Ale jednocześnie zwraca uwagę na inny problem. – Chodzi o wykonawstwo. Organizowaliśmy już kolejny przetarg na przebudowę miejskiego amfiteatru. Dla nas to przykra sprawa, bo kultura leży nam na sercu. A niestety środki finansowe, które mamy na ten cel, dla wykonawców są zbyt małe – przyznaje Stefaniuk.
Jego zdaniem wycena robót była realna. Za pierwszym razem wpłynęła tylko oferta bialskiej firmy Dombud, która zaproponowała 4,7 mln zł. Tymczasem na remont i zadaszenie amfiteatru władze planowały wydać 3,5 mln zł. Drugiego przetargu jeszcze nie rozstrzygnięto. – Dzisiaj mamy boom inwestycyjny w Polsce, co wynika również ze środków zewnętrznych. Możemy zapytać innych samorządowców, inwestycje wszędzie drożeją, bo rynek zaangażowany jest w budowę nowych obiektów – stwierdza prezydent.
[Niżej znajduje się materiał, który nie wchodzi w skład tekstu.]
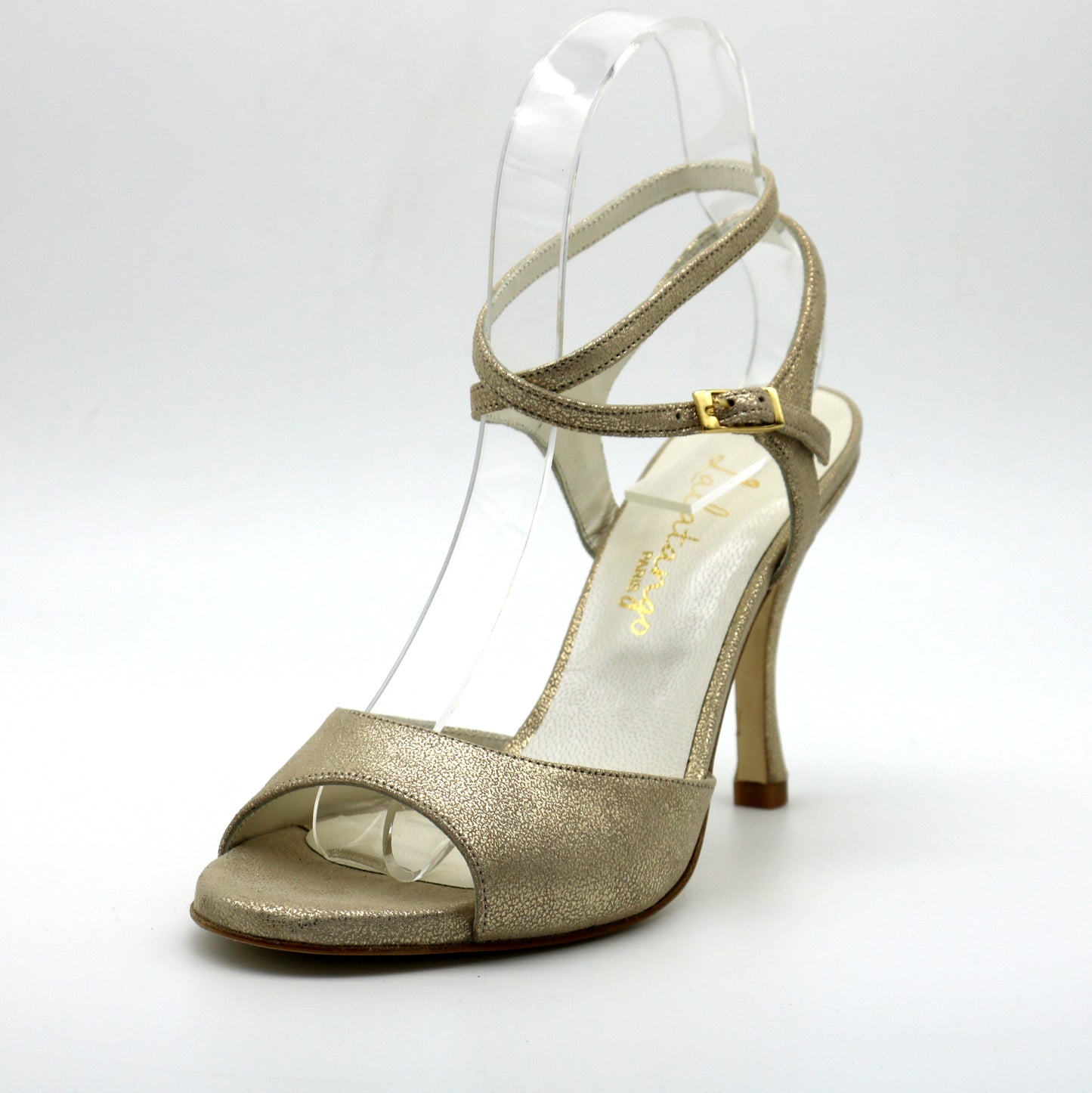 Sentimental Gold satin heels 8cm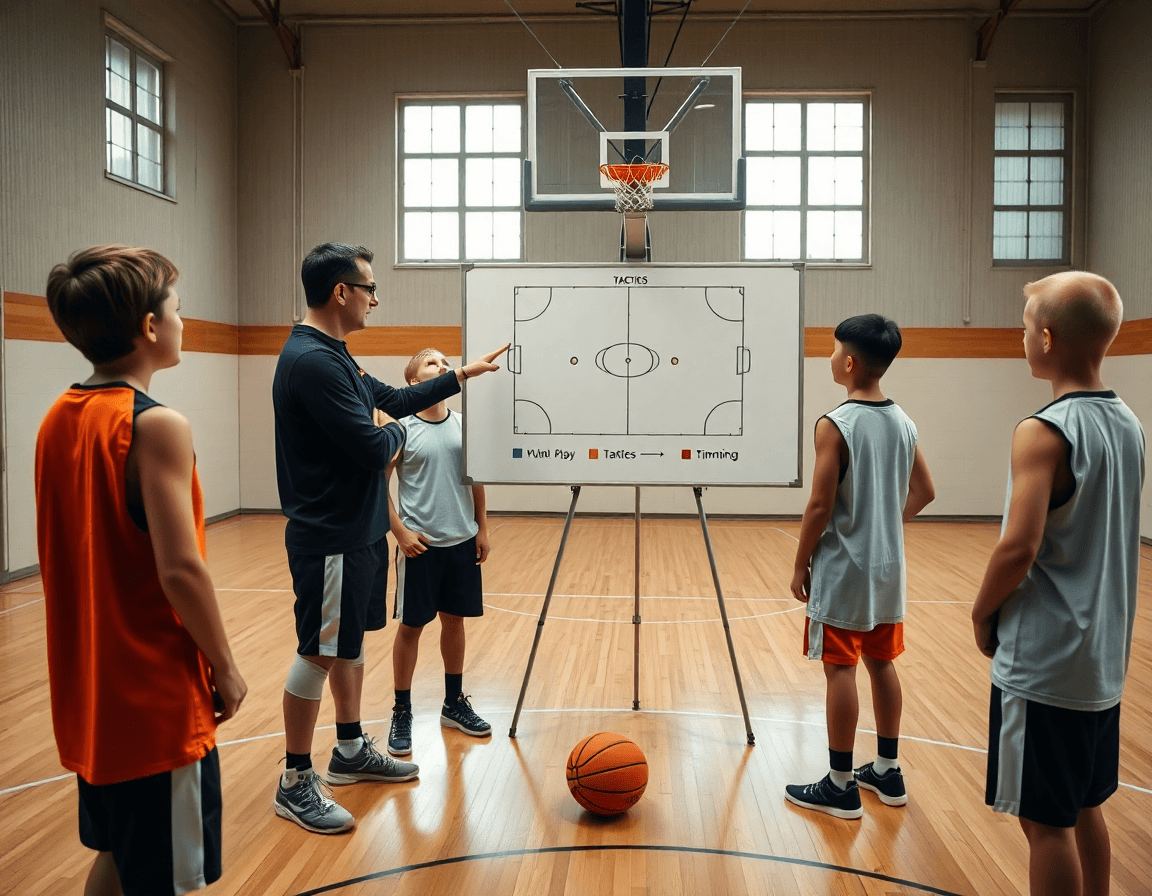 Un coach illustra la tavola tattica per la squadra csi basket u14 padova durante l'allenamento.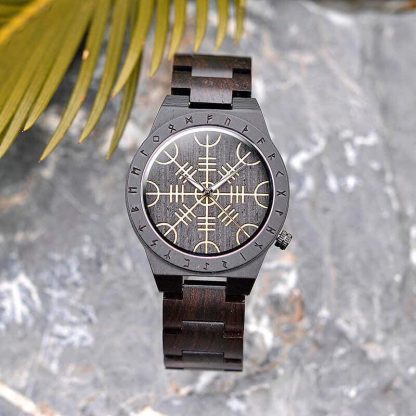 Rune pattern dial dark wood watch - Image 3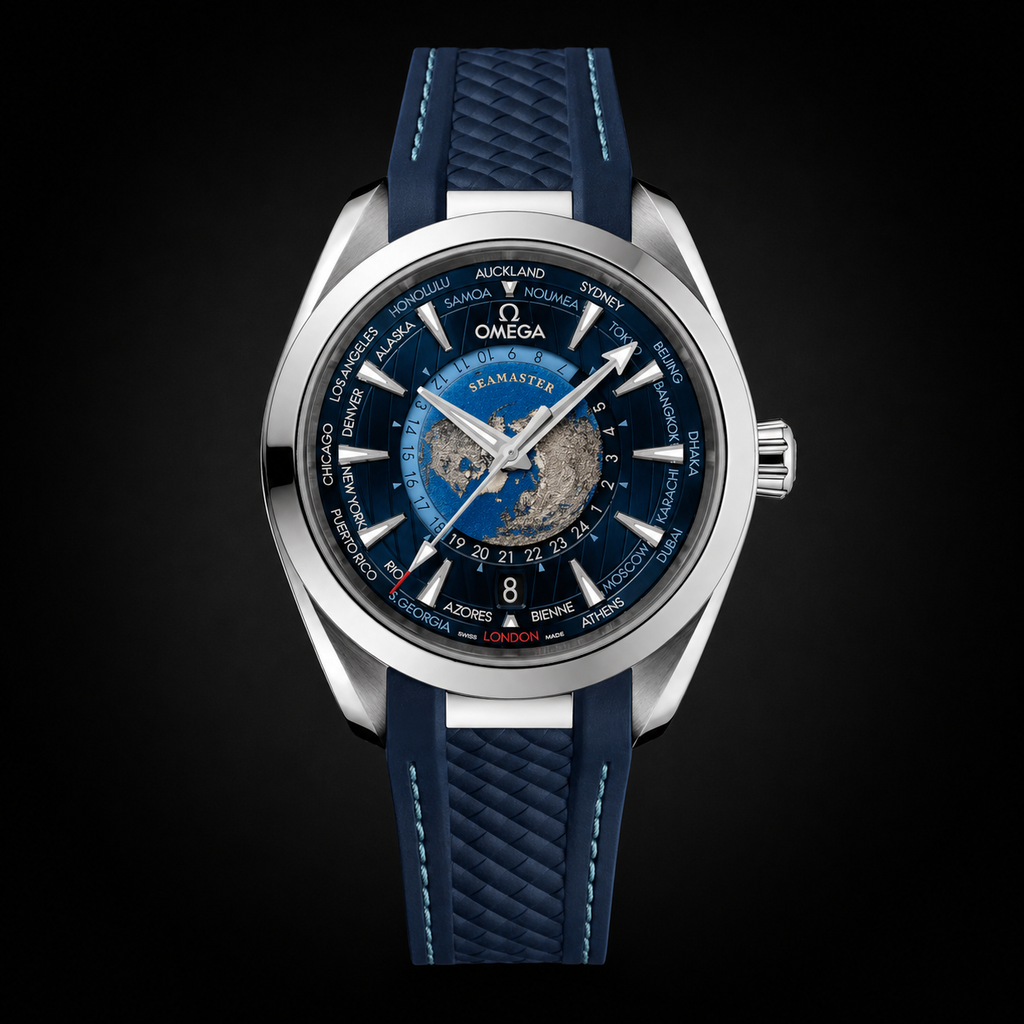 Omega Seamaster Aqua Terra Worldtimer Blue Dial on Blue Rubber Strap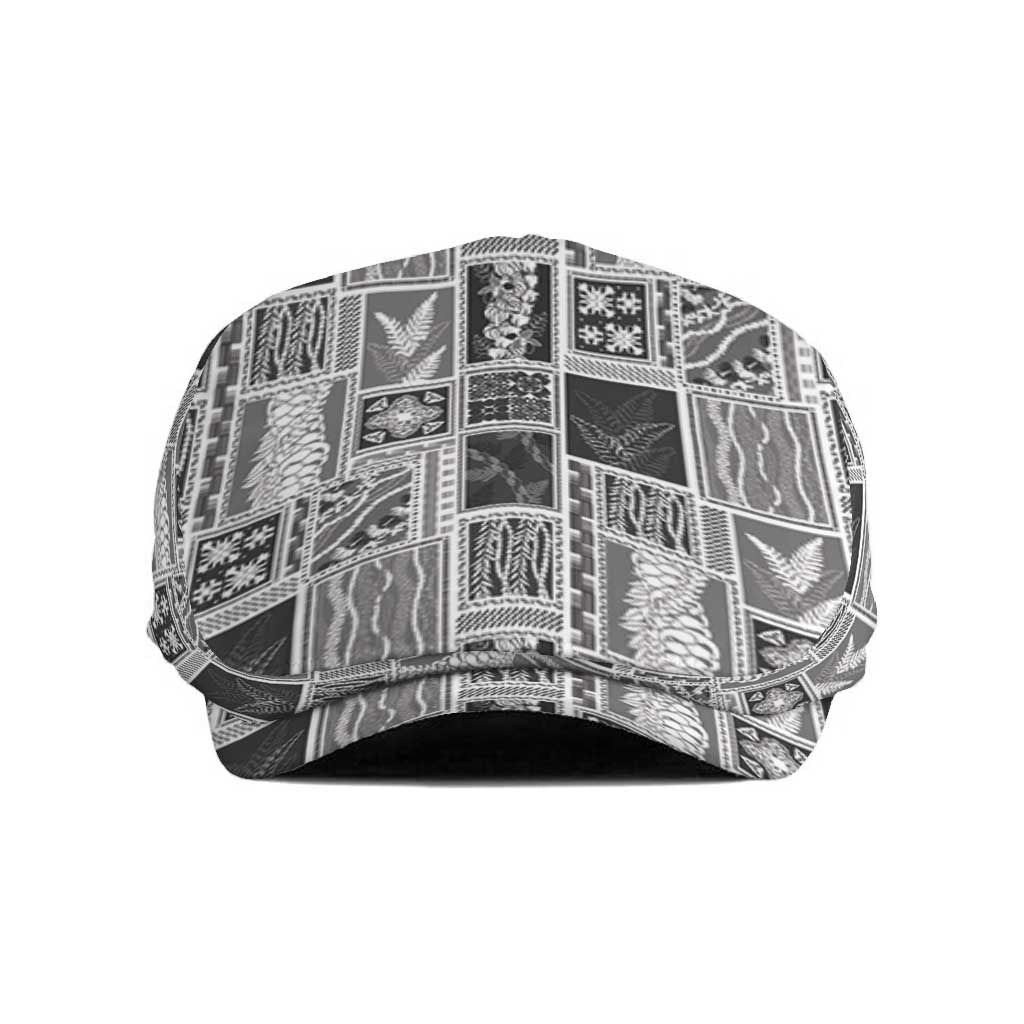 Vintage Aloha Block Quilt Jeff Hat Black Inspired Lei Motifs - Polynesian Pride
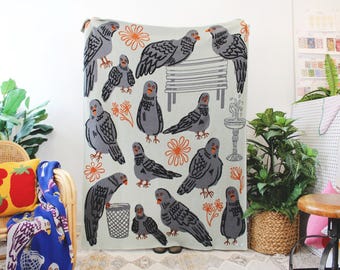 Park Pigeon Pals Knit Throw Blanket - New York City Pigeons Pattern - Unique NYC Gifts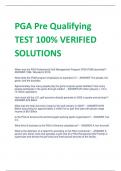 PGA Pre Qualifying TEST 100% VERIFIED  SOLUTIONS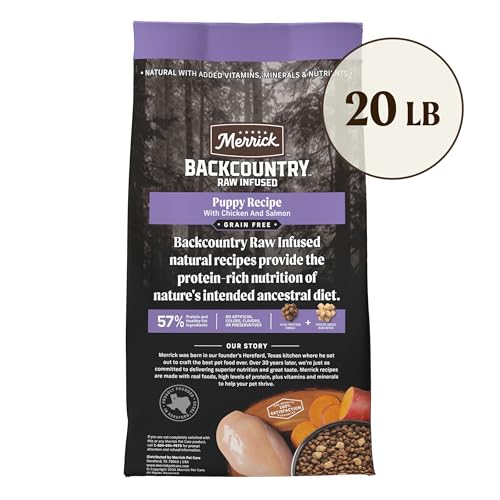Merrick Backcountry étiquette nutritionnelle claire pour chiots actifs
Przypomnijmy, że podobna sytuacja dotyczy przetargu na przebudowę stadionu. – Nasza wycena robót to ok. 26 mln zł. Tymczasem jedyna oferta opiewała na kwotę 55 mln zł. To jest zupełnie nie do przyjęcia. Nas na to nie stać po prostu. A kredytu uważam, że nie warto brać. Należy dążyć do kompromisu – tłumaczy Stefaniuk.
Ofertę o której mówił prezydent złożył warszawski Budimex. Miasto dostało 10 mln zł dotacji na tę inwestycję z Ministerstwa Sportu. Do końca tego roku ogłoszony ma być drugi przetarg. Niewykluczone, że miasto zmieni koncepcję przebudowy stadionu na bardziej ekonomiczną.